---------- Material supplied ----------

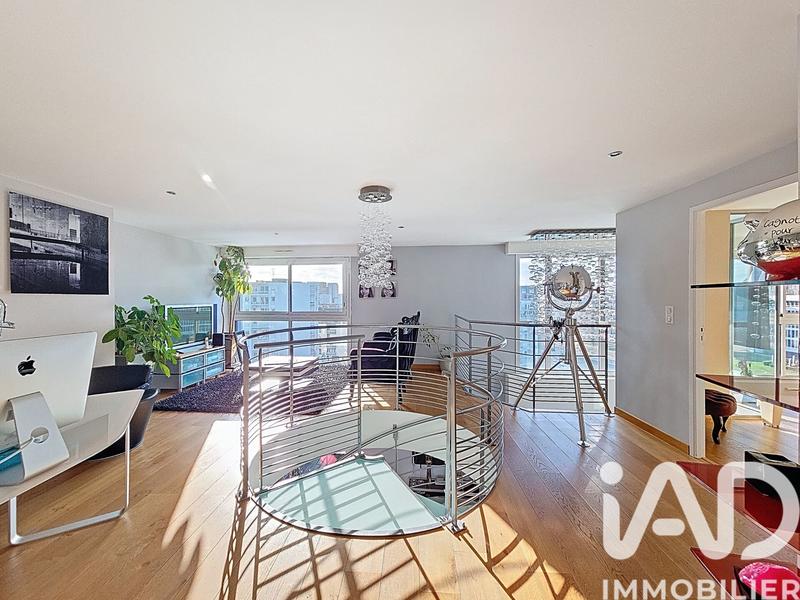 Duplex - 198 m² - 7 pièces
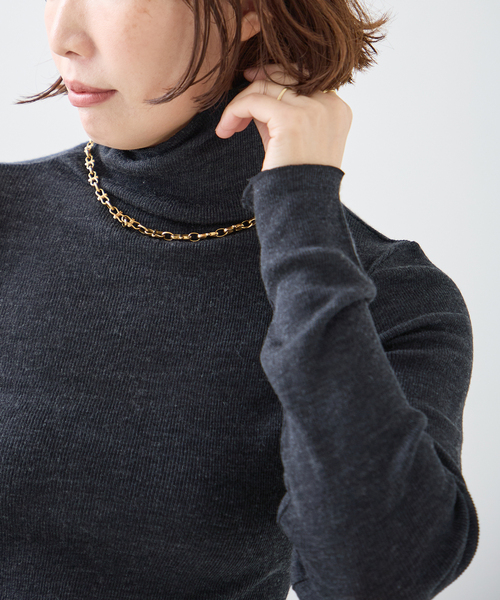 journal standard L'essage(ジャーナルスタンダードレサージュ)の「丸胴ハイネックプルオーバー(Tシャツ/カットソー・レディース・チャコールグレー/アイボリー/サックスブルー・FREE)」の10枚目の写真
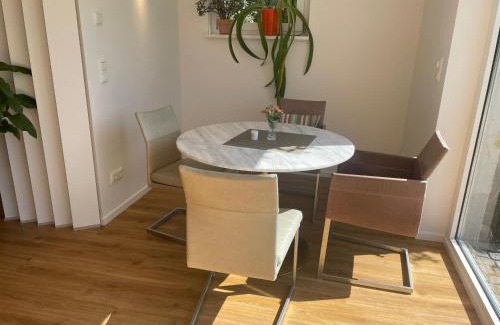 Thiergarten Apartment | SONNENWEG Designwohnung mit Gartenblick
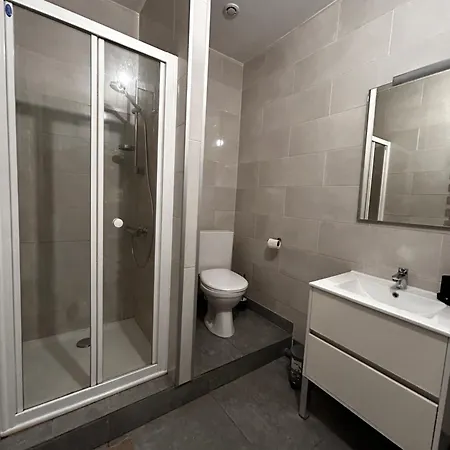 Zen & Yoga - Downtown - Free Parking - 2 Beds *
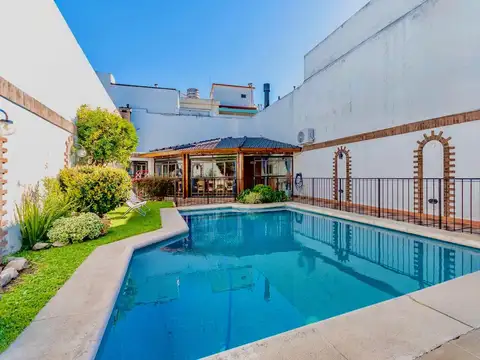 Venta Casa 4 Ambientes con Pileta, Quincho, Terrazas y Garage – Parque Chacabuco
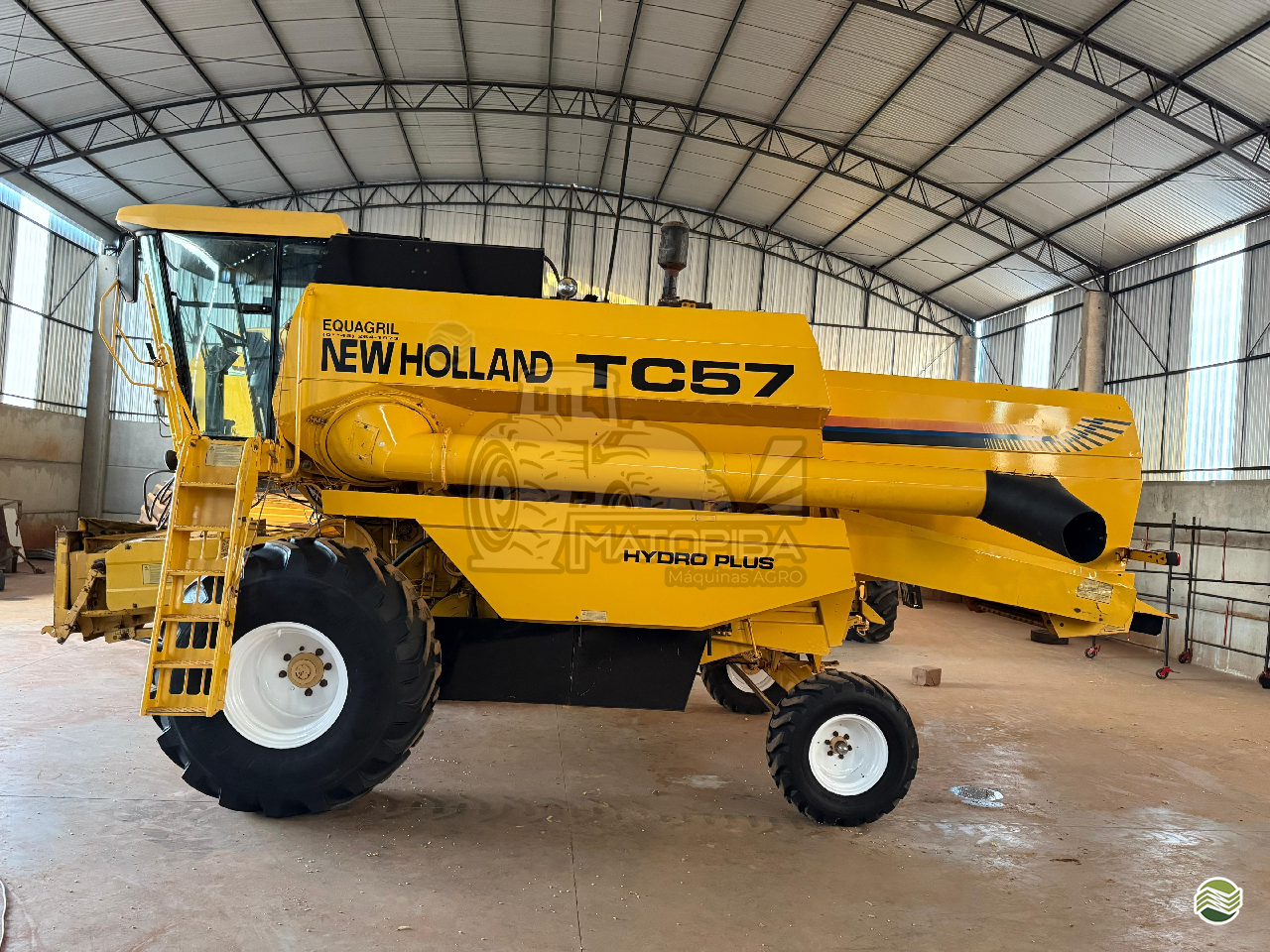 COLHEITADEIRA NEW HOLLAND TC 57 Matopiba Máquinas Agro MIGUELOPOLIS SÃO PAULO SP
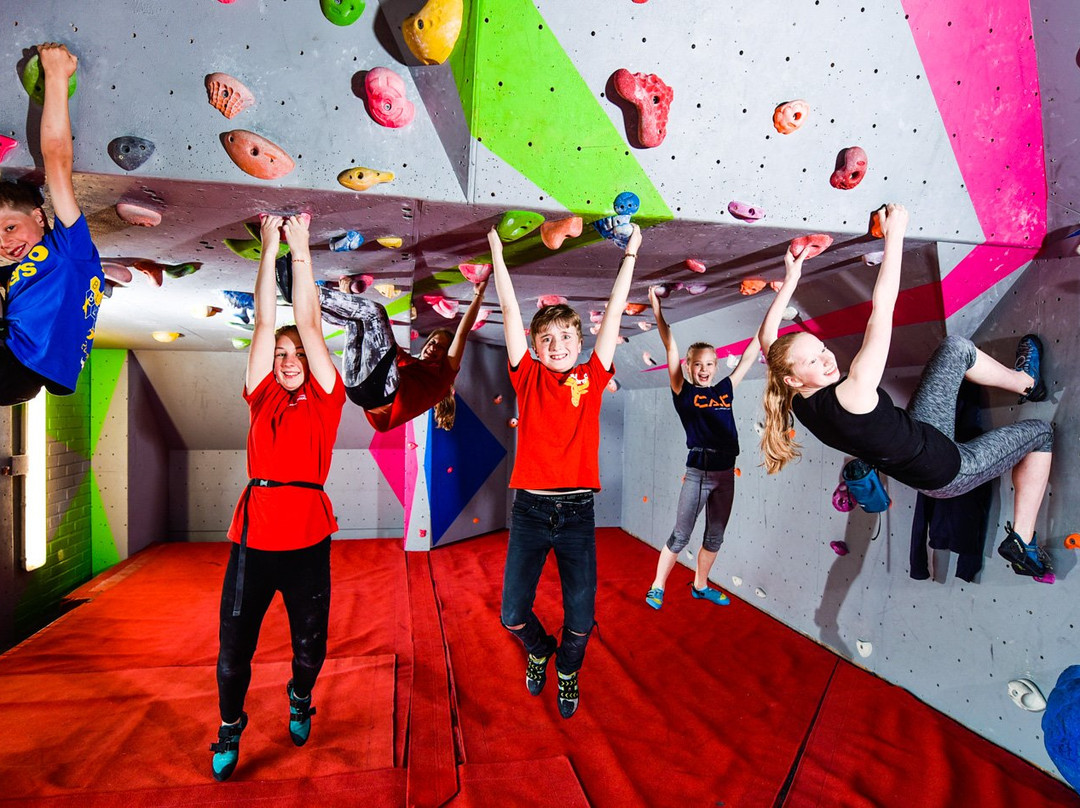 Boulders Indoor Climbing Centre景点图片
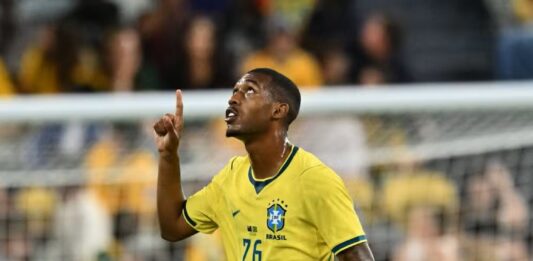 Brasil arranca empate com Austrália no primeiro jogo pós-Copa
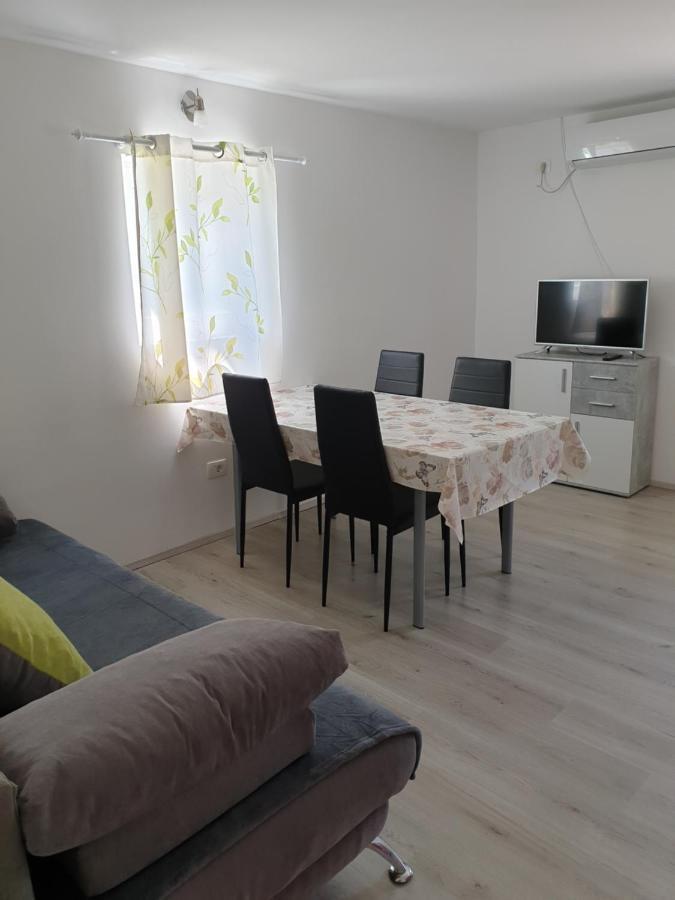 Apartma Patricija - Big Apartment For 6 Толмин Екстер'єр фото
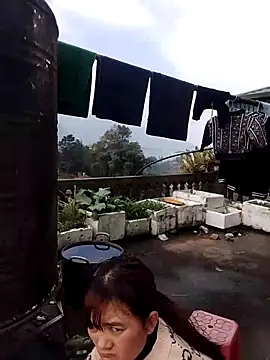 Snapshot of Queen-love45 chatting on February 6, 3:44 am Queen-love45 online show from February 6, 3:44 am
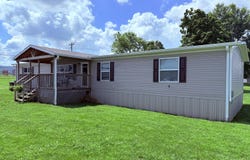 15 McClellan Drive, Monticello, KY 42633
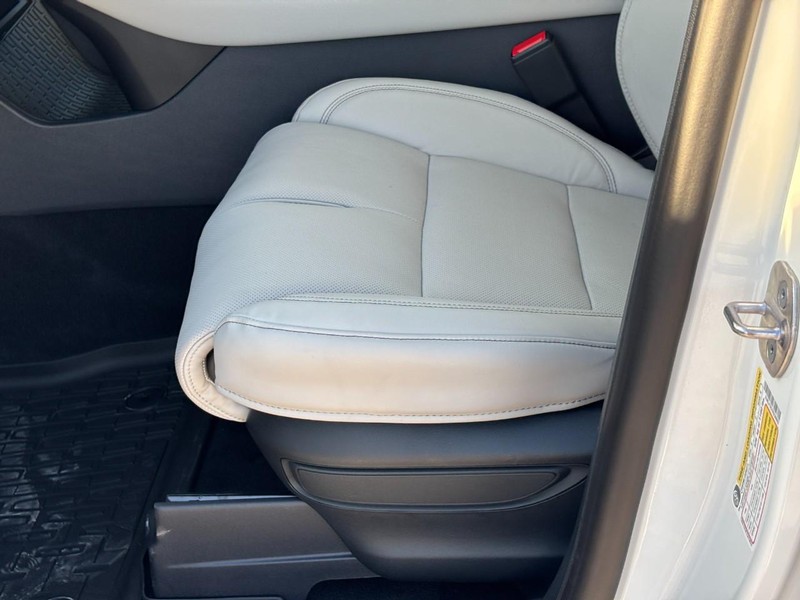 Lincoln Aviator Vehicle Full-screen Gallery Image 17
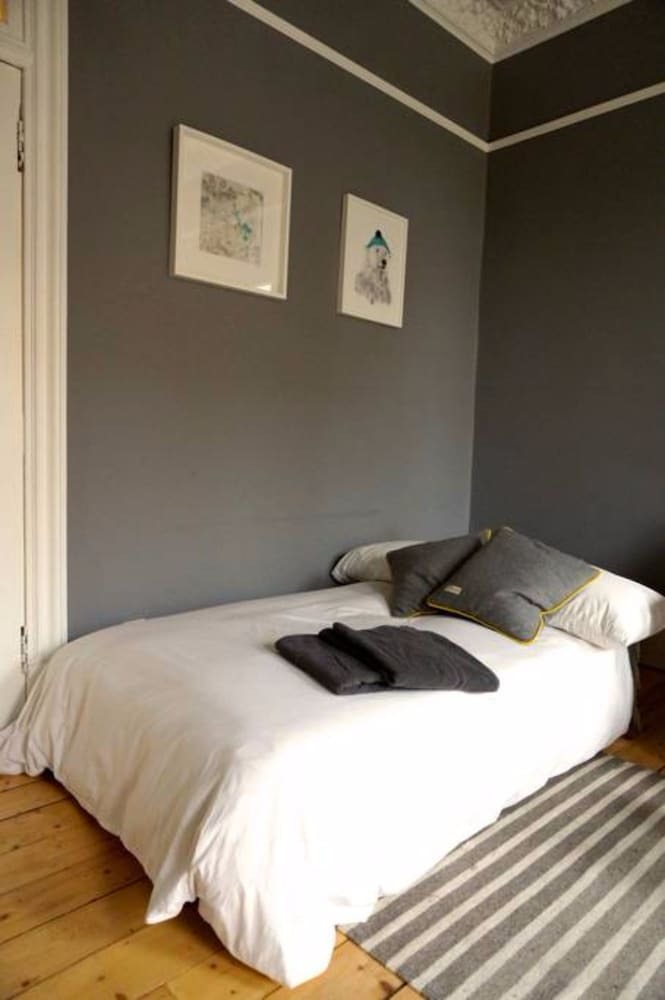 1 Bedroom Apartment In Morningside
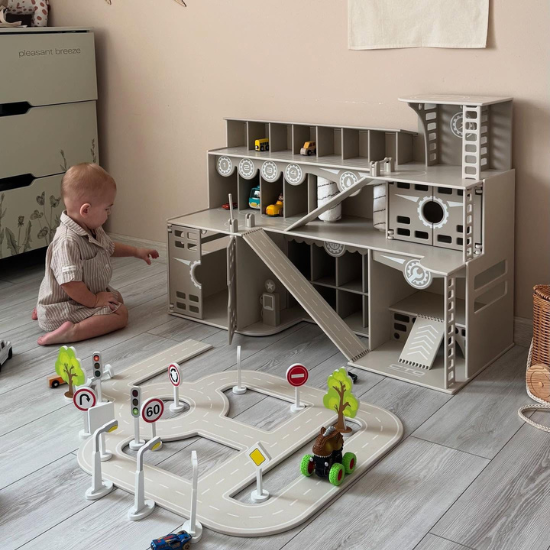 Garagem Educativa com Pista e Acessórios Infantis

----------

## What the exercise asks
Reproduce each line of the records exactly, and omit every picture.

## Answer to this problem
 Duplex - 198 m² - 7 pièces
 journal standard L'essage(ジャーナルスタンダードレサージュ)の「丸胴ハイネックプルオーバー(Tシャツ/カットソー・レディース・チャコールグレー/アイボリー/サックスブルー・FREE)」の10枚目の写真
 Thiergarten Apartment | SONNENWEG Designwohnung mit Gartenblick
 Zen & Yoga - Downtown - Free Parking - 2 Beds *
 Venta Casa 4 Ambientes con Pileta, Quincho, Terrazas y Garage – Parque Chacabuco
 COLHEITADEIRA NEW HOLLAND TC 57 Matopiba Máquinas Agro MIGUELOPOLIS SÃO PAULO SP
 Boulders Indoor Climbing Centre景点图片
 Brasil arranca empate com Austrália no primeiro jogo pós-Copa
 Apartma Patricija - Big Apartment For 6 Толмин Екстер'єр фото
 Snapshot of Queen-love45 chatting on February 6, 3:44 am Queen-love45 online show from February 6, 3:44 am
 15 McClellan Drive, Monticello, KY 42633
 Lincoln Aviator Vehicle Full-screen Gallery Image 17
 1 Bedroom Apartment In Morningside
 Garagem Educativa com Pista e Acessórios Infantis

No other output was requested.